To establish that they suffered an adverse action with respect to a retaliation claim, Plaintiffs must show that the adverse action was objectively material. Burlington N. & Santa Fe Ry. Co. v. White, 548 U.S. 53, 68, 126 S.Ct. 2405, 165 L.Ed.2d 345 (2006). The United States Supreme Court has held that Title VIPs prohibition of adverse employment action taken in retaliation for protected activity “is not limited to discriminatory actions that affect the terms and conditions of employment.” Id. at 64, 126 S.Ct. 2405. *403Rather, “[t]he scope of the antiretaliation provision extends beyond workplace-related or employment-related retaliatory acts and harm.” Id. at 67, 126 S.Ct. 2405. However, the anti-retaliation provision does not shield an employee from all retaliation, but rather only from retaliation that produces injury or harm. Id. Accordingly, to fall within the provision’s protection, “a plaintiff must show that a reasonable employee would have found the challenged action materially adverse, ‘which in this context means it well might have dissuaded a reasonable worker from making or supporting a charge of discrimination.’ ” Id. at 68, 126 S.Ct. 2405 (quoting Rochon v. Gonzales, 438 F.3d 1211, 1219 (D.C.Cir.2006)). A plaintiff must show material adversity to separate the significant harms from the trivial, as “Title VII ... does not set forth ‘a general civility code for the American workplace.’ ” White, 548 U.S. at 68, 126 S.Ct. 2405 (quoting Oncale v. Sundowner Offshore Servs., Inc., 523 U.S. 75, 80, 118 S.Ct. 998, 140 L.Ed.2d 201 (1998)). The test is an objective one and considers the reactions of a reasonable employee. White, 548 U.S. at 68, 126 S.Ct. 2405. Further, “[ejontext matters,” and the significance of the adverse action must be analyzed under the circumstances particular to the plaintiff. See id. at 69,126 S.Ct. 2405. Thus, “an ‘act that would be immaterial in some situations is material in others.’ ” Id. (quoting Washington v. Ill. Dep’t of Revenue, 420 F.3d 658, 661 (7th Cir.2005)). The standard analyzes the challenged retaliatory act, not the underlying conduct that gave rise to the Title VII complaint. White, 548 U.S. at 69, 126 S.Ct. 2405. The question is whether the challenged action was material from the perspective of a reasonable person in the plaintiffs position. Id. at 69-70, 126 S.Ct. 2405.

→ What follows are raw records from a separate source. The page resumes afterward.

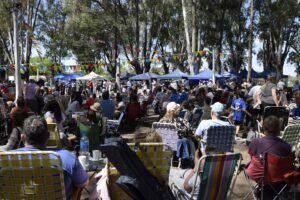 Octava edición de la Fiesta de la Comida Mediterránea en Cabildo con música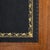 Wood 19th Century Edwardian Desk With Leather Top For Sale - Image 7 of 13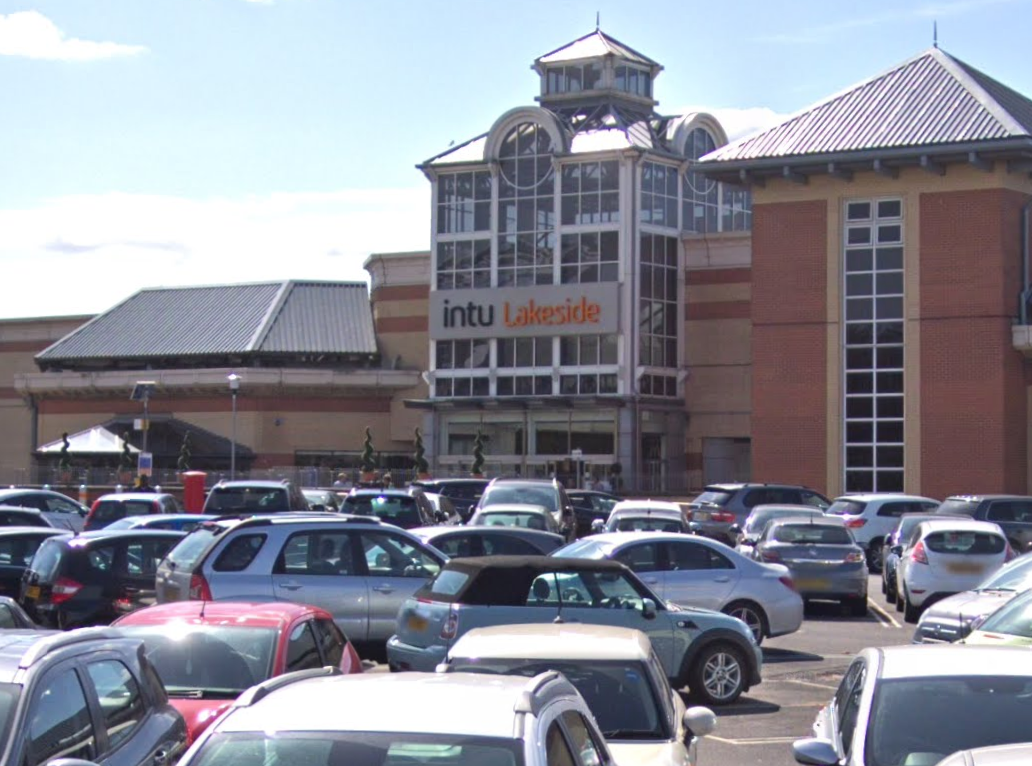 Police find body in lake near Lakeside Shopping Centre following reports of missing boy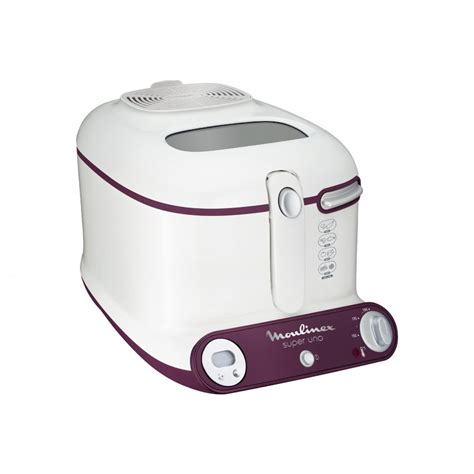 Friteuse Moulinex AM303110 Super Uno - DARTY Réunion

Applying these standards to the allegations and record in this matter, Plaintiffs cannot demonstrate that their transfers or the alleged intimidation were materially adverse; rather, they are “trivial harms.” White, 548 U.S. at 68, 126 S.Ct. 2405; see also Mahoney v. Donovan, 824 F.Supp.2d 49, 62 (D.D.C.2011) (“An employer’s instruction that an employee follow a particular course of action or face the consideration of discipline [ ] would not dissuade a reasonable employee from pursuing an EEO complaint.”); Charlot v. Donley, 2014 WL 1319182, at *10, *13-14 (D.S.C.2014) (concluding that a two-week suspension that was threatened but not imposed was not a materially adverse action and that a transfer from one supervisor “to an even more abusive supervisor” was not actionable as retaliation). Similarly, for the reasons stated above, while failing to promote a plaintiff may be an adverse action, under the circumstances of this case Plaintiffs cannot show an adverse action because many of the positions were not open or available positions for promotion or the Plaintiffs did not apply for them.

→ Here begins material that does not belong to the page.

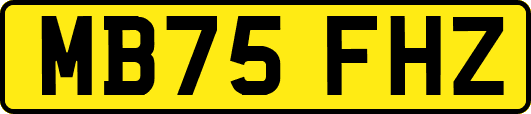 MB75FHZ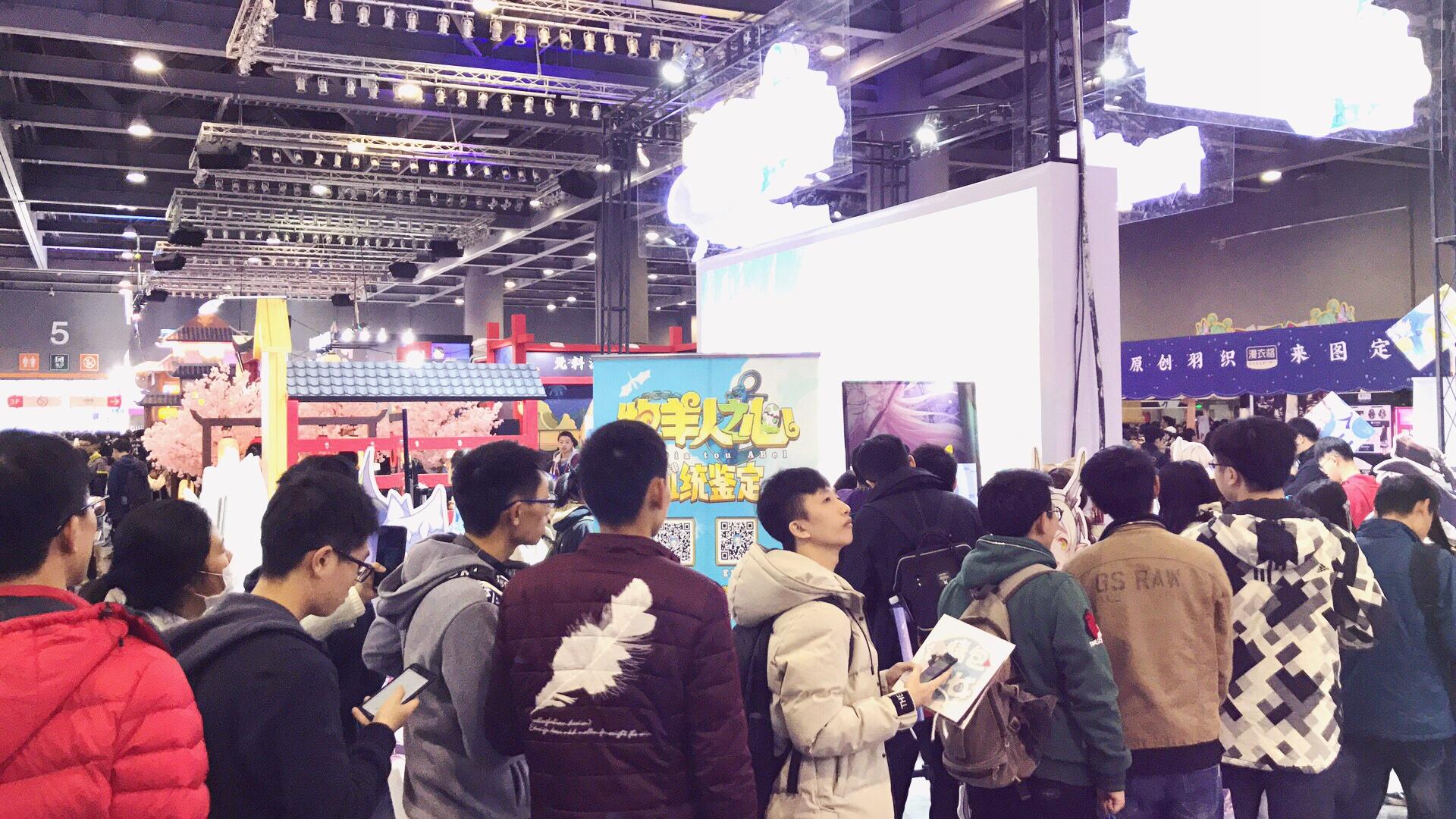 【参与有奖】广州萤火虫DAY1 | 将祈愿传达到卡露蒂亚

Moreover, even if the Plaintiffs could establish a prima facie case of retaliation for any of the above actions, for the same reasons discussed above, Plaintiffs cannot show on the record before the court a reasonable inference that the Department’s reasons for its actions were pretextual. Even if Plaintiffs’ evidence were found sufficient to reject the Department’s explanation, the court concludes that based on the evidence in the record, no reasonable jury could find that the challenged actions by the Department were discriminatory and the Plaintiffs cannot ultimately prove that they were the victims of intentional discrimination. See Reeves, 530 U.S. at 148, 120 S.Ct. 2097; Merritt, 601 F.3d at 294-95.
RECOMMENDATION
Based on the forgoing, Plaintiffs cannot establish that they were the victims of *404unlawful discrimination or retaliation. The court therefore recommends that the Department’s motion for summary judgment (ECF No. 34) be granted.
August 15, 2014.
. The Magistrate Judge makes only a recommendation to this court. The recommendation has no presumptive weight, and the responsibility to make a final determination remains with the court. Mathews v. Weber, 423 U.S. 261, 96 S.Ct. 549, 46 L.Ed.2d 483 (1976).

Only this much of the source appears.